The two deep bear markets in the first decade of the 21st century challenged the conventional wisdom such as Efficient Market Hypothesis or Modern Portfolio Theory (MPT). Many of the assumptions behind Efficient Market Theory and MPT, like the assumed direct positive relationship between risk and return, stable volatility, and correlation across time, were shown to fall short when attempting to explain behavior in the market. A use of the Efficient Market Theory is a strategy dubbed the Buy and Hold that makes no use of market timing to achieve desirable returns. The notion is that in the case that all fundamental information is utilized; an investor can gain no benefit from trying to time the market. The practice can be useful when the market is in an upswing, but it can lead to large losses occasionally that can destroy investors' wealth and confidence. The lack of confidence can lead to the investor failing to capitalize on the market rebound.
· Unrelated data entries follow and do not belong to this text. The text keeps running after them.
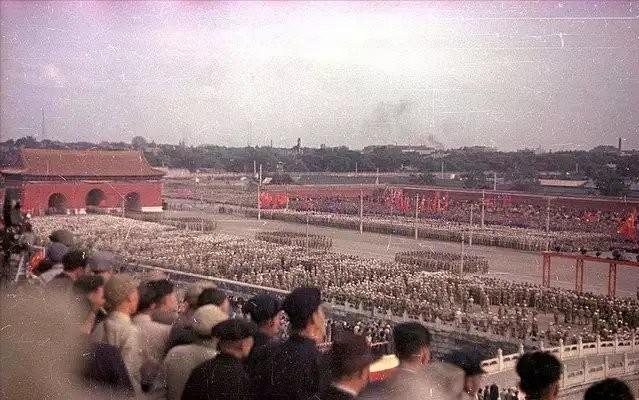 1997年香港回归，如果英军以*力武**抗拒解放军，英军能守住香港吗？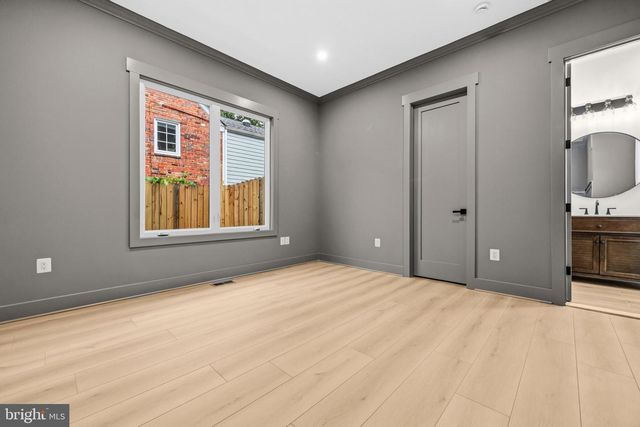 1905 N TAYLOR ST, Arlington, VA 22207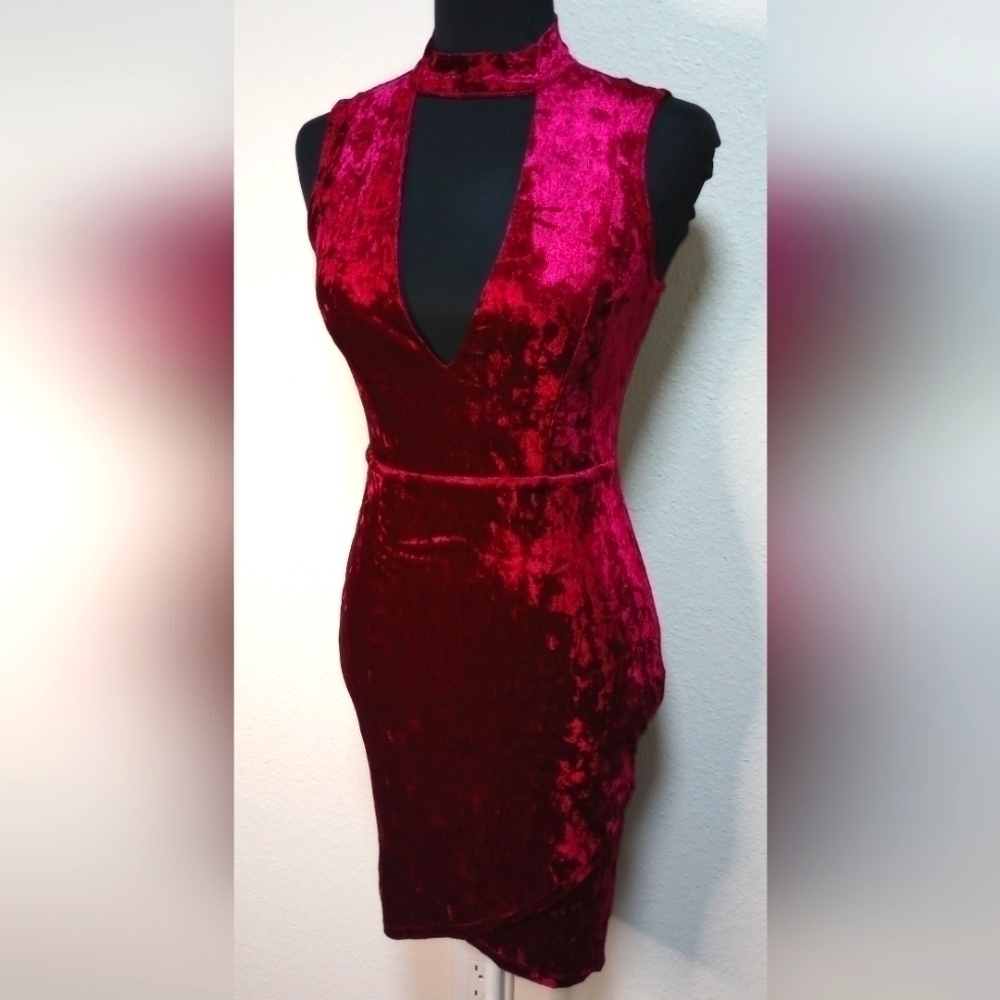 RED Crushed Velvet Sleeveless Dress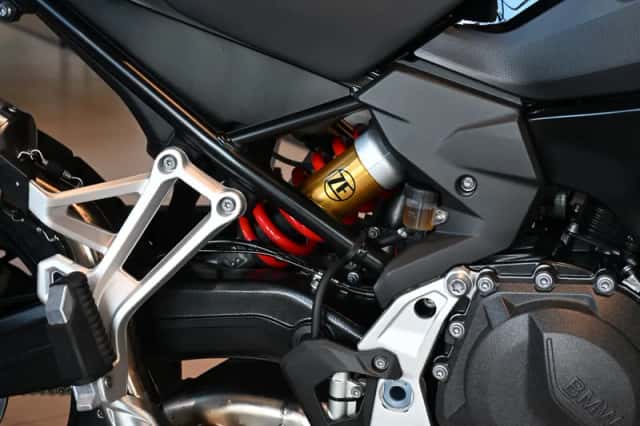 BMW F 800 GS Triple Black (2026) thumbnail 6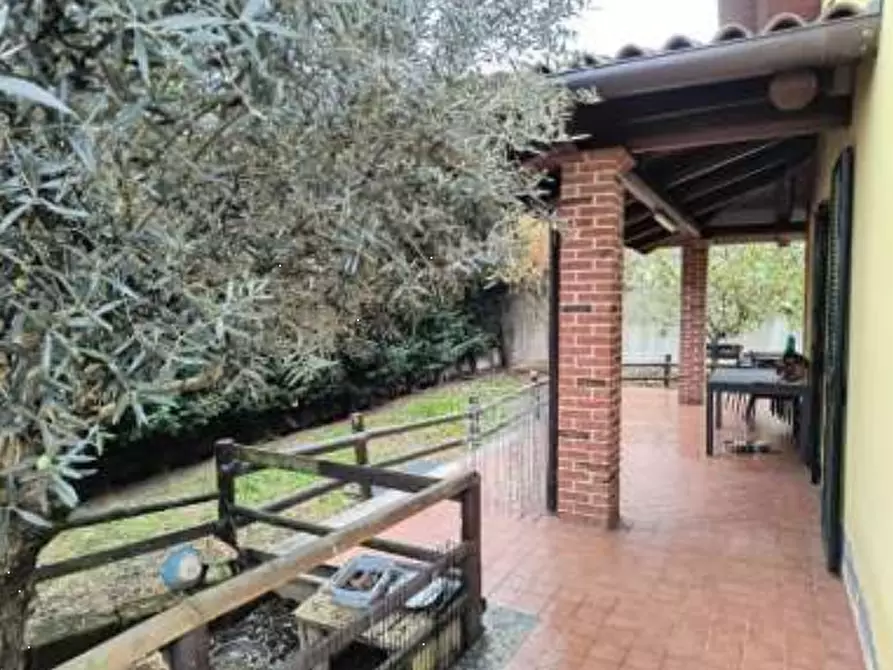 Immagine 9 di Villa in vendita  in Via Avvocato Sebastiano Filipello a Castelnuovo Don Bosco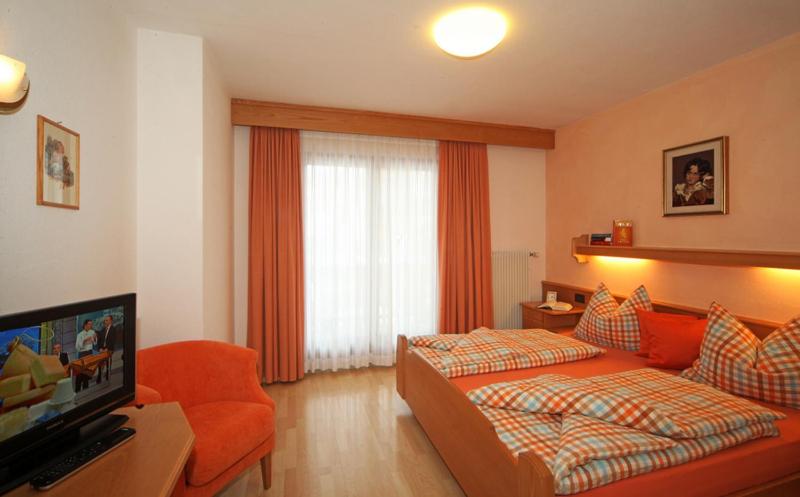 Superior One-Bedroom Apartment with Balcony and Mountain View - Photo 9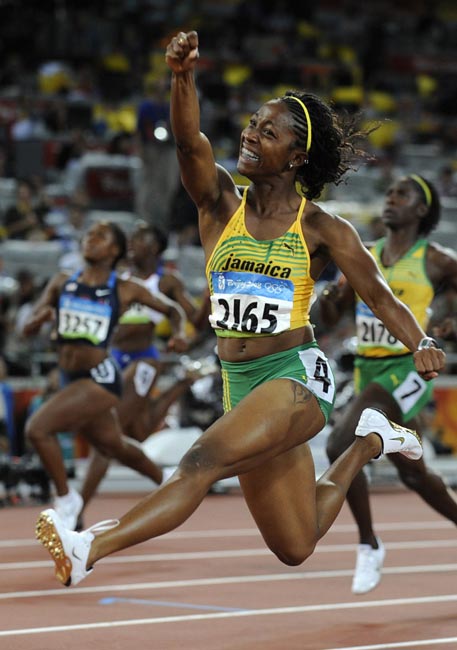 8月17日，北京奥运会女子百米飞人大战中，牙买加名将安•弗雷泽以10秒78的成绩勇夺女子100米金牌。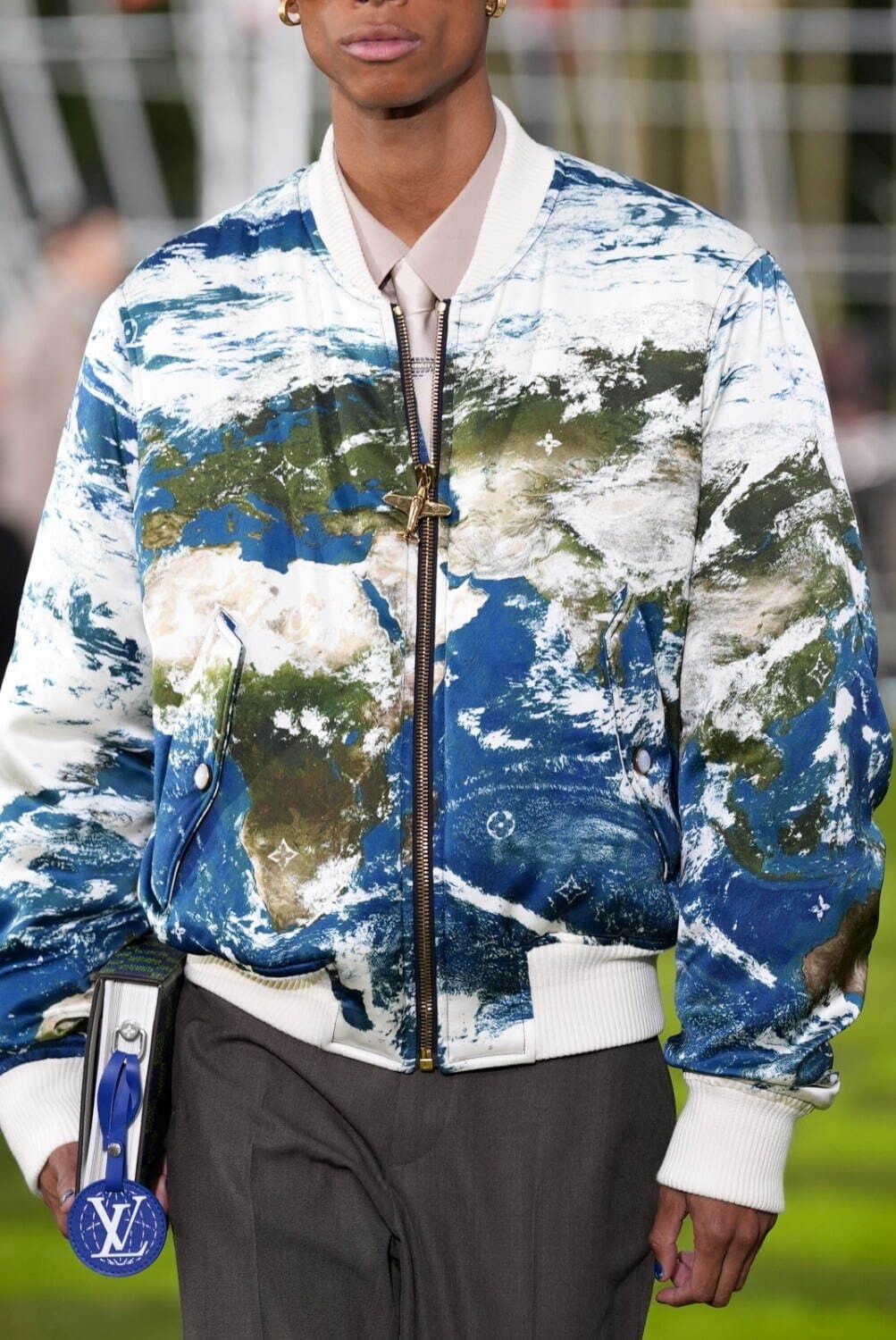 Louis Vuitton LOUIS VUITTON × Pharrell 25SS Earth Map Silk Bomber Jacket Size US S / EU 44-46 / 1 - 3 Thumbnail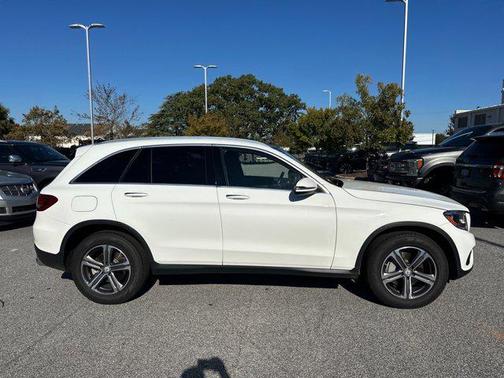 2016 Mercedes-Benz GLC 300 Base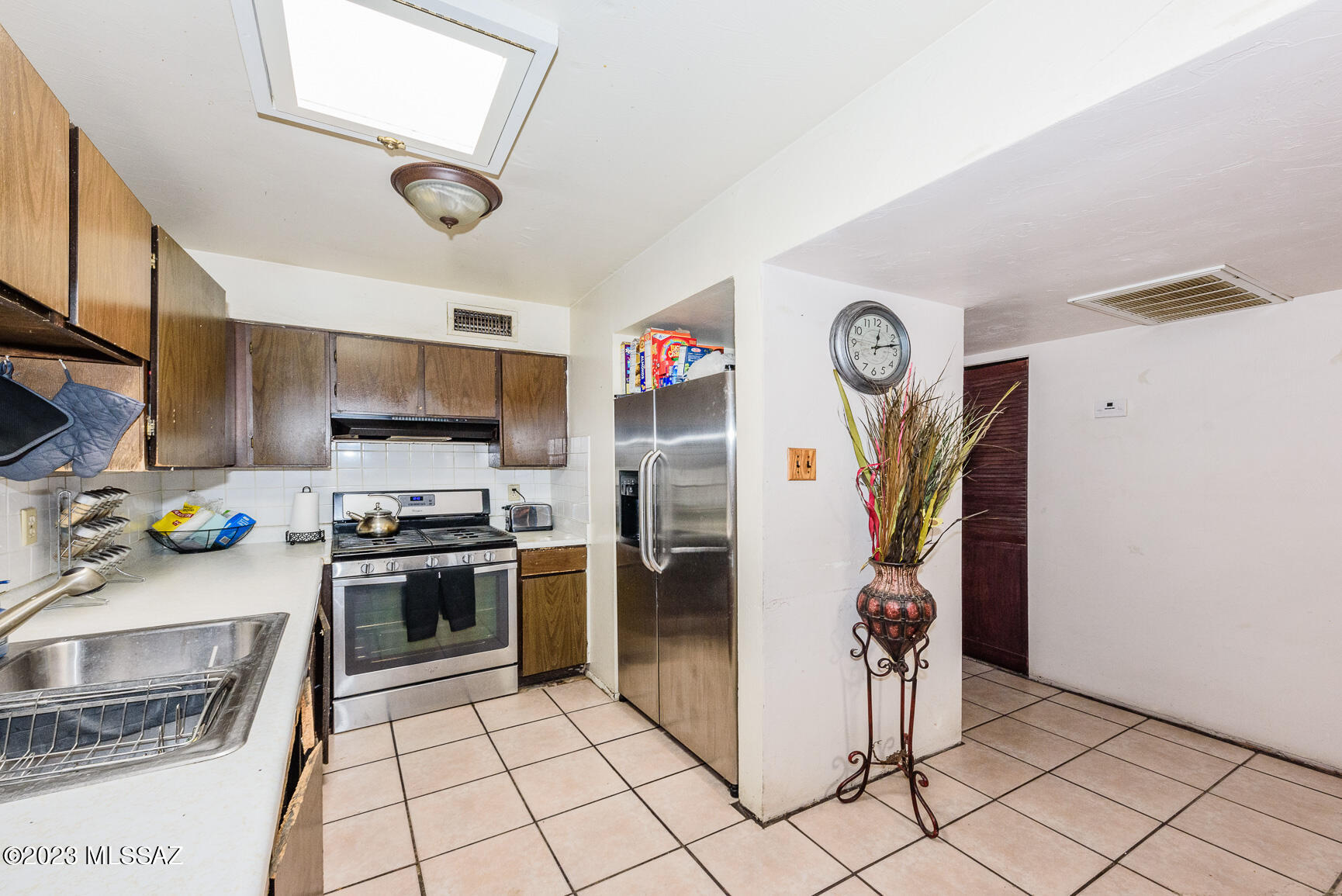 Drexel Terrace NO. 2, Lot 106 Resub. (1-46) - Residential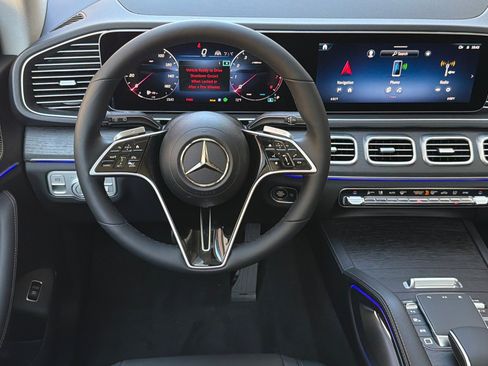 New 2026 Mercedes-Benz GLE 450 4MATIC image 13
As an alternative, the adaptive market hypothesis is an attempt to combine the rational principles based on the Efficient Market Hypothesis with the irrational principles of the market because of human psychology. The Efficient Market Hypothesis suggests that market efficiency is not an absolute circumstance, but instead, it can be seen as a constantly adaptive process of moving from market inefficiency to efficiency. The understanding of this concept can help investors take advantage of arbitrage opportunities and time the market more effectively.

== Approach ==
Adaptive investment approach aims to deliver consistent returns by adapting to the ever-changing market conditions. There are many deviations of how to develop an adaptive approach but three methods are particularly interesting:

1. Adaptive Regime Approach. This methodology seeks to recognize the current regime in the market and then capitalize on the knowledge. Investors would seek to apply the approach by investing in riskier investments during a bull market and then flee to a combination of Treasuries and/or cash in a bear market. If properly implemented, the investor can expect upside participation while avoiding the loss of capital in major drawdowns.
2. Adaptive Return Approach. This strategy's purpose is to shift allocations to the investments most desirable returns. The aim is to detect underlying trends in the market and capitalize on them. The approach can be categorized as a momentum strategy or a methodology of following trends. The ongoing study of the impact of human psychology on the market has uncovered that investors have an inclination to react slowly to information when it first surfaces, but eventually over-react towards the closing of the trend.
3. Adaptive Risk Approach. This tactic seeks to utilize changes in volatility to optimize portfolio's allocation to reduce risk exposure. The purpose is to identify when shifts in market volatility occur, then using the information, make a calculated adjustment to a portfolio's allocation in an effort to reduce risk exposure. The current market condition has generated more risk for portfolios and implementing strategies to manage the risk is an important part of any investor's process. Using volatility to determine allocation and risk parity are some of the strategies that can be utilized to improve a portfolio's risk/return profile.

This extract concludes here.